(Captioned web image data)
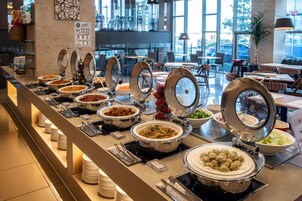 供应早餐、午餐和晚餐，海景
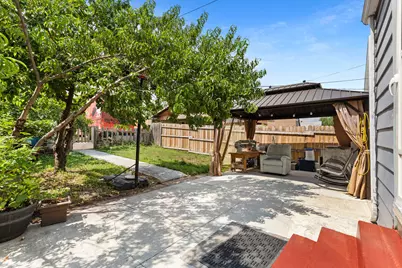 1547 S 22nd St, Milwaukee, WI 53204 - Photo 16
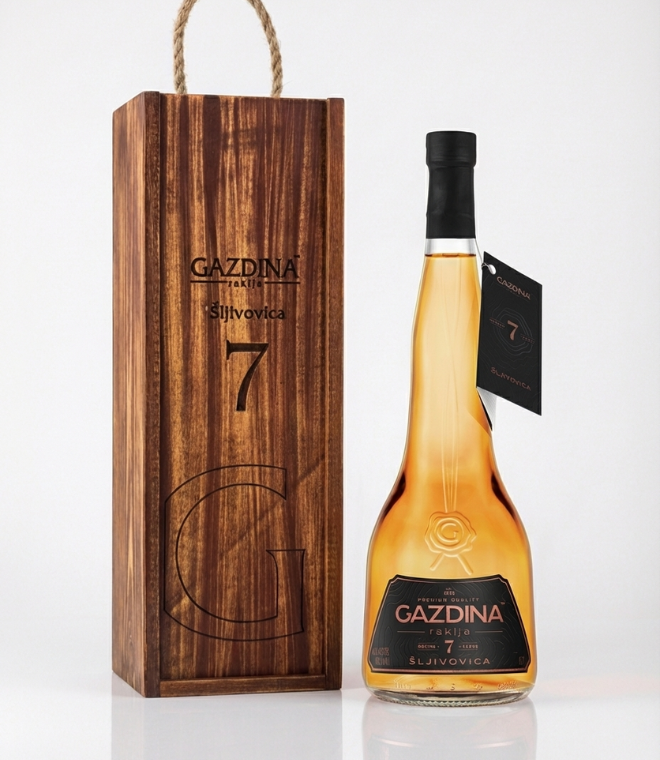 Rakija Šljivovica 7 godina 700ml – Gazdina Šljiva drveno pakovanje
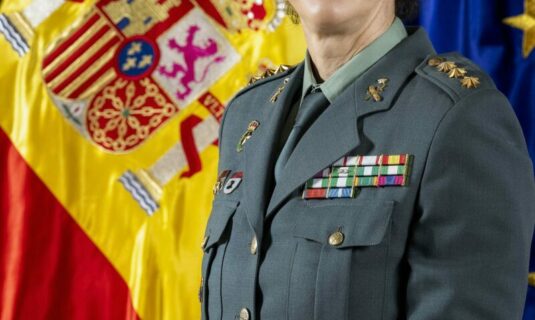 sanchez ve el ascenso de gimeno duran primera mujer coronel de la guardia civil como un paso hacia la igualdad real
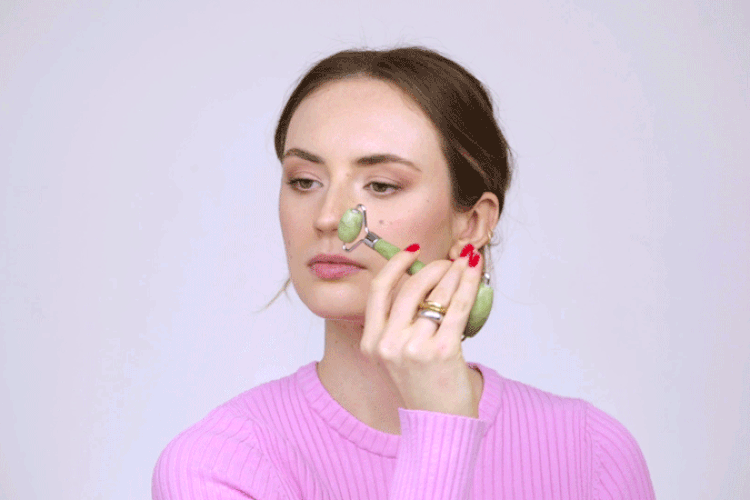 A step-by-step guide to using a face roller.
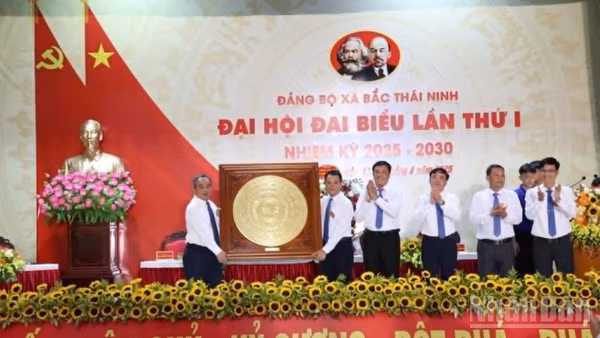 Đồng chí Lê Khánh Hải, Chủ nhiệm Văn phòng Chủ tịch nước tặng lẵng hoa chúc mừng Đại hội đại biểu đảng bộ xã Bắc Thái Ninh.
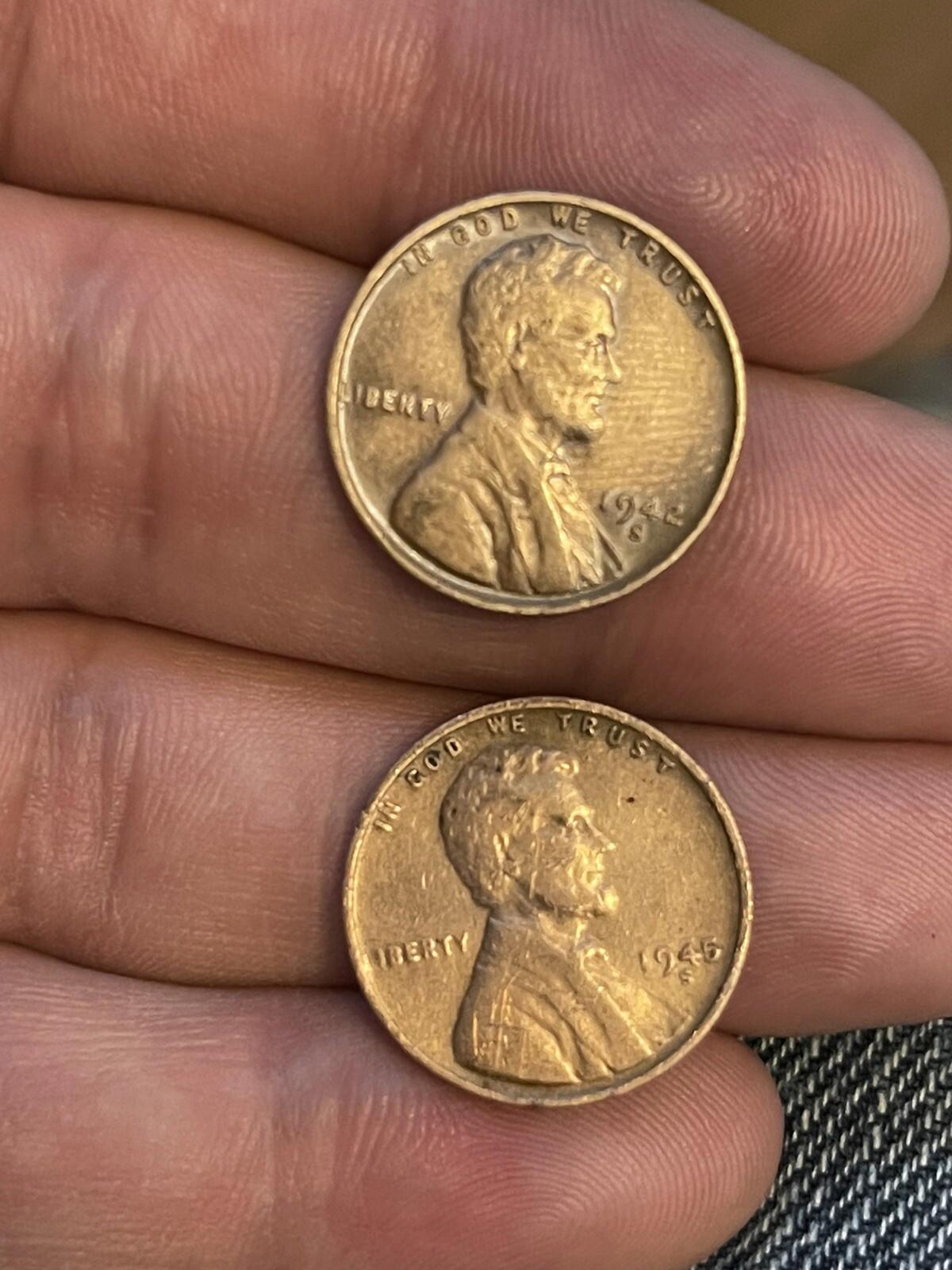 x2 one cent penny’s  1942 , 1945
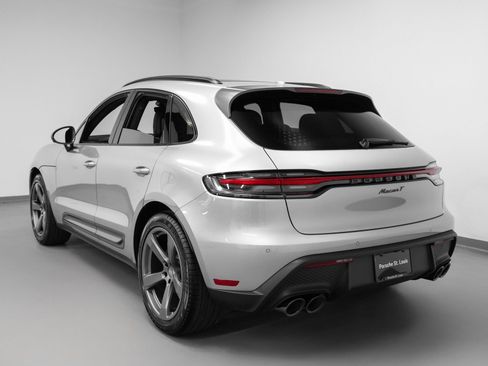 New 2025 Porsche Macan Turbo image 3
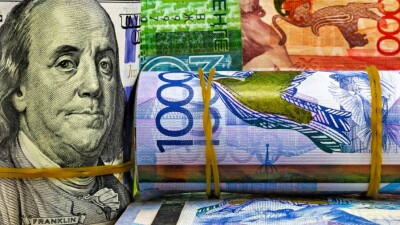 Каким будет официальный курс доллара на выходных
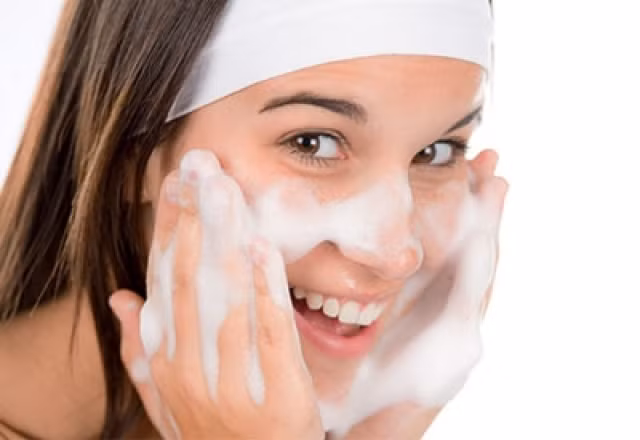 Bước 1: vệ sinh sạch da mặt. Trước khi bước vào trang điểm che khuyết điểm cho da mụn, bạn nên rửa mặt thật sạch với sửa rửa mặt trị mụn một cách nhẹ nhàng. Để se khít lỗ chân lông bạn nên rửa mặt trước với nước ấm sau đó rửa lại bằng nước lạnh. Dùng khăn lông mềm lau khô gương mặt.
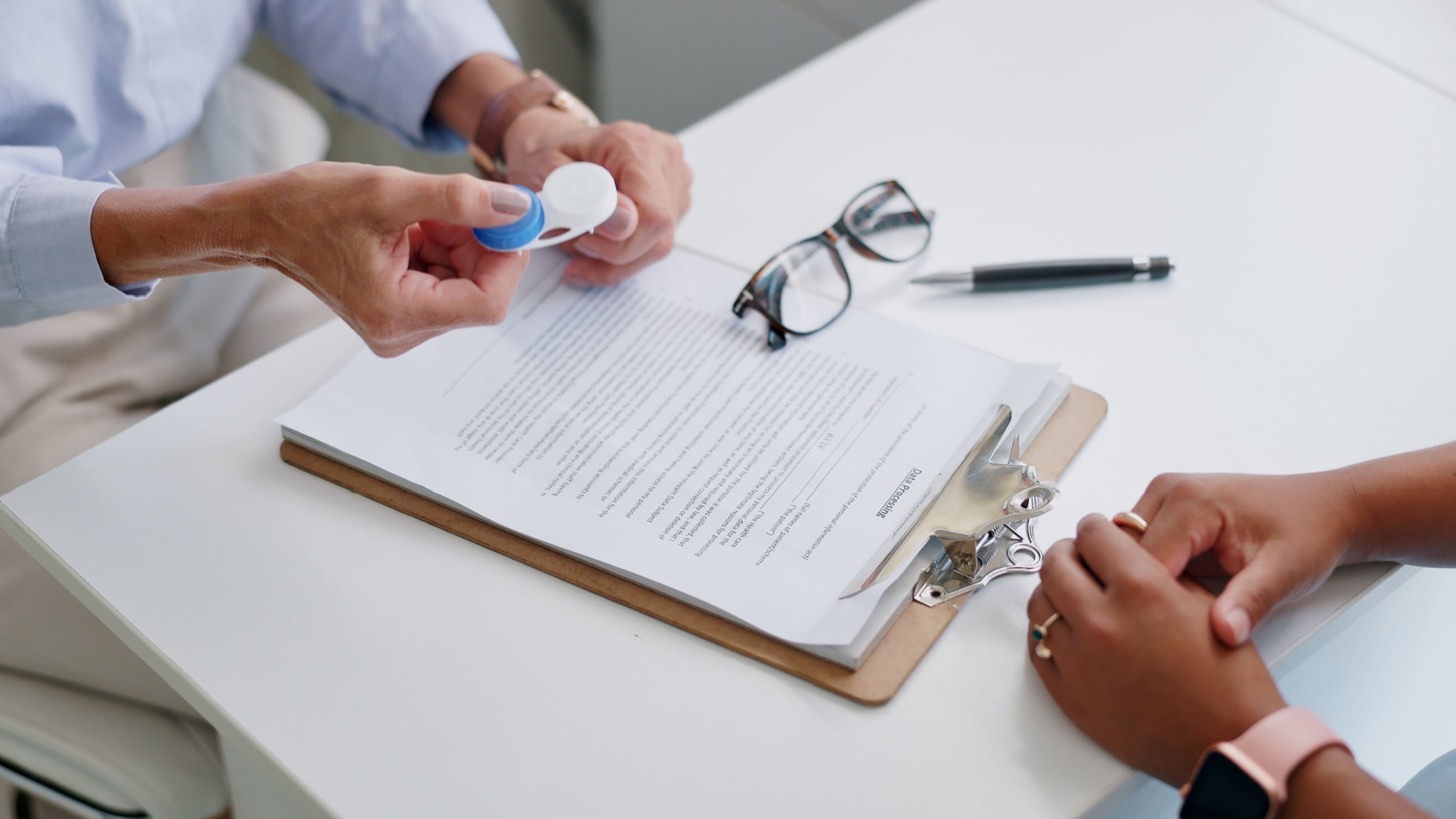 illustration of what vision insurance covers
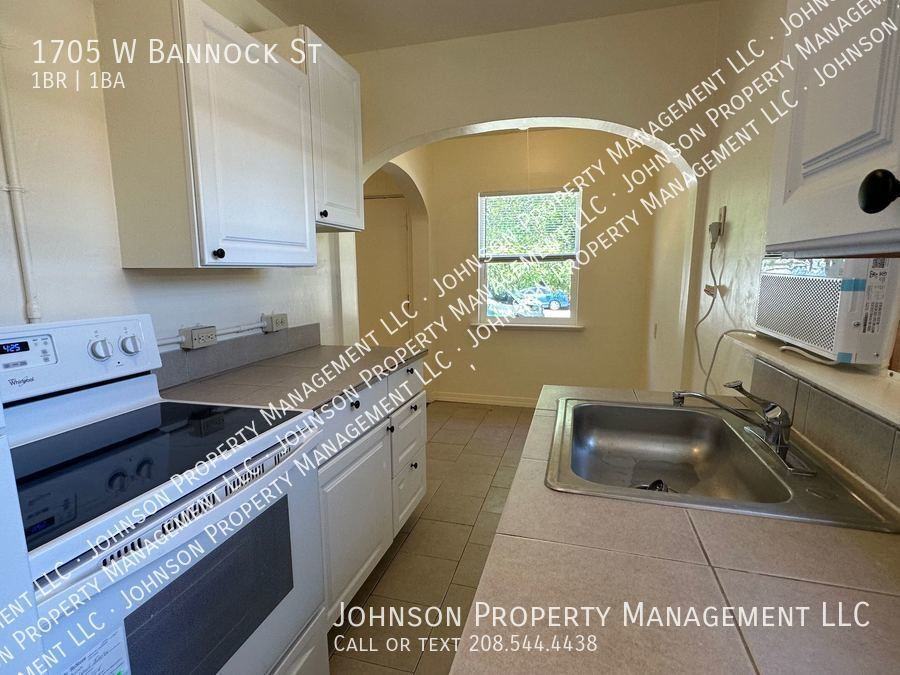 1705 W Bannock St - Photo 2 of 9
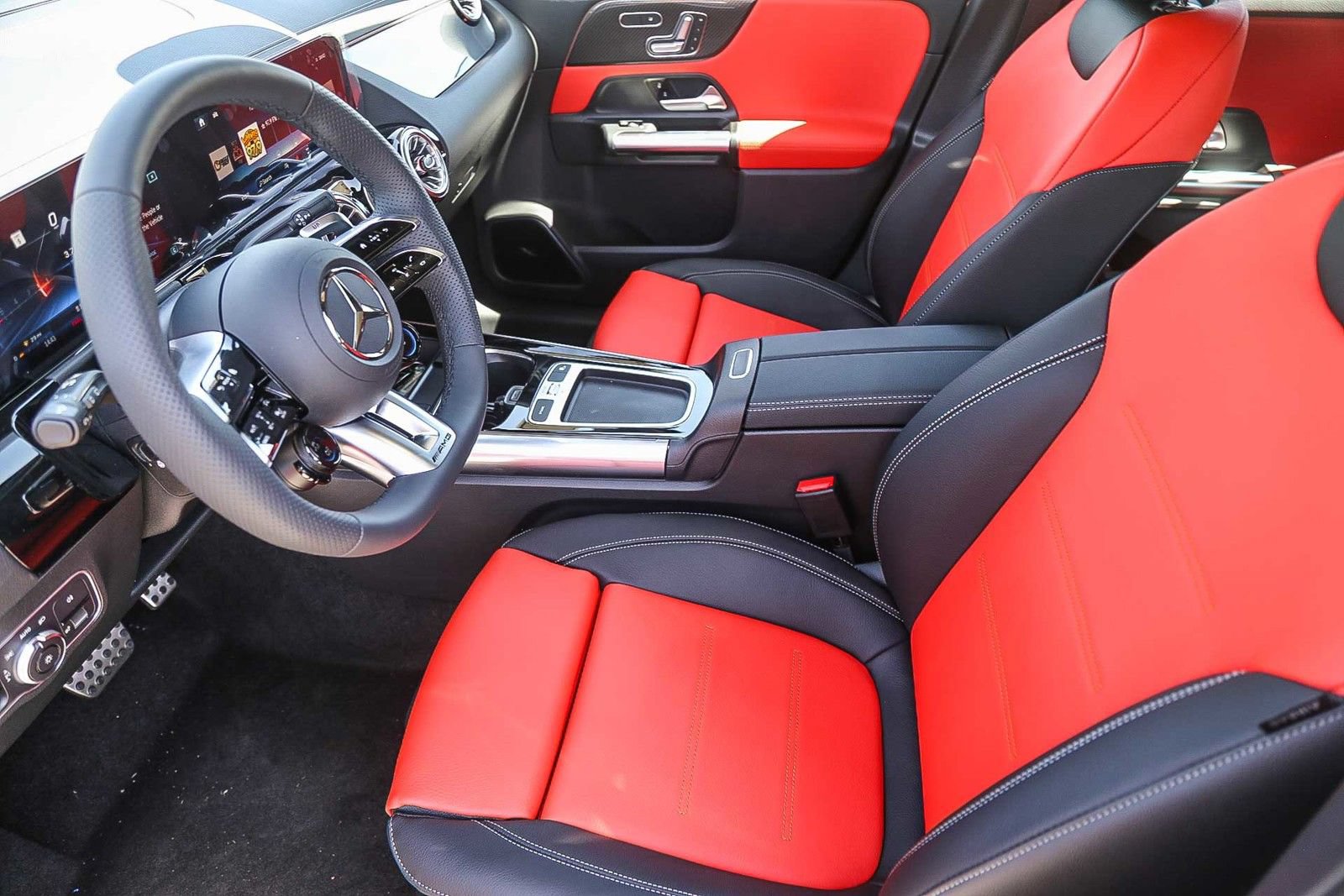 New 2026 Mercedes-Benz GLA 35 AMG 4MATIC image 17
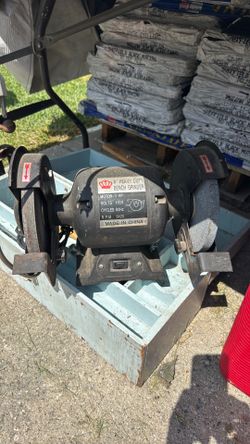 BENCH GRINDER / 8” / HEAVY DUTY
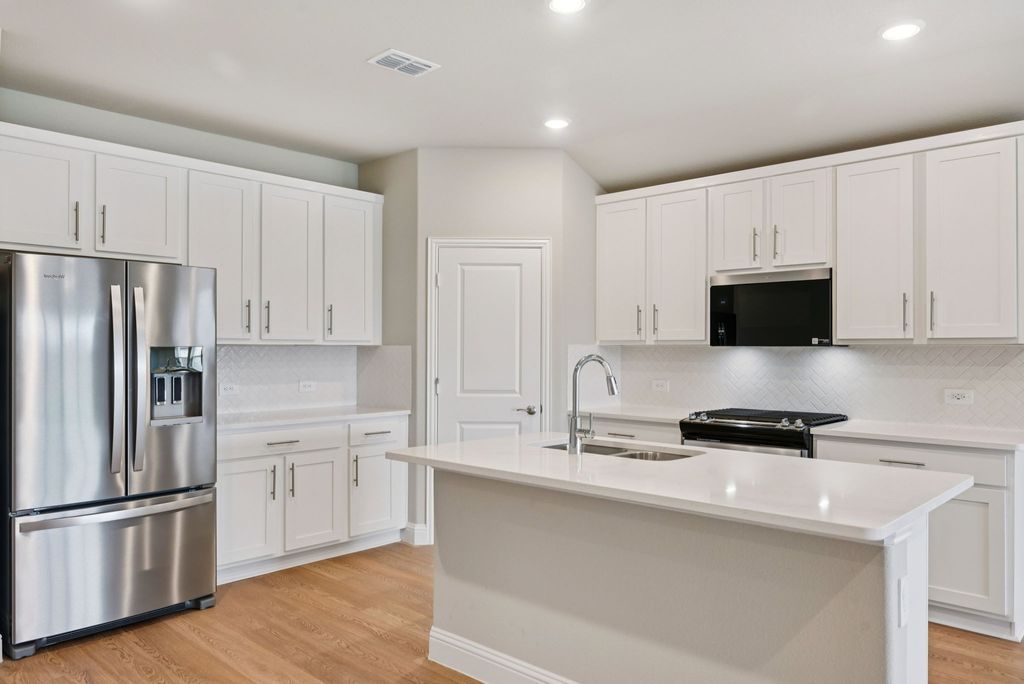 4206 Waco Drive, Farmersville, TX 75442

> Exercise directions: Leave out the pictures and output every record above precisely as given.

> Reply to the task:
 供应早餐、午餐和晚餐，海景
 1547 S 22nd St, Milwaukee, WI 53204 - Photo 16
 Rakija Šljivovica 7 godina 700ml – Gazdina Šljiva drveno pakovanje
 sanchez ve el ascenso de gimeno duran primera mujer coronel de la guardia civil como un paso hacia la igualdad real
 A step-by-step guide to using a face roller.
 Đồng chí Lê Khánh Hải, Chủ nhiệm Văn phòng Chủ tịch nước tặng lẵng hoa chúc mừng Đại hội đại biểu đảng bộ xã Bắc Thái Ninh.
 x2 one cent penny’s  1942 , 1945
 New 2025 Porsche Macan Turbo image 3
 Каким будет официальный курс доллара на выходных
 Bước 1: vệ sinh sạch da mặt. Trước khi bước vào trang điểm che khuyết điểm cho da mụn, bạn nên rửa mặt thật sạch với sửa rửa mặt trị mụn một cách nhẹ nhàng. Để se khít lỗ chân lông bạn nên rửa mặt trước với nước ấm sau đó rửa lại bằng nước lạnh. Dùng khăn lông mềm lau khô gương mặt.
 illustration of what vision insurance covers
 1705 W Bannock St - Photo 2 of 9
 New 2026 Mercedes-Benz GLA 35 AMG 4MATIC image 17
 BENCH GRINDER / 8” / HEAVY DUTY
 4206 Waco Drive, Farmersville, TX 75442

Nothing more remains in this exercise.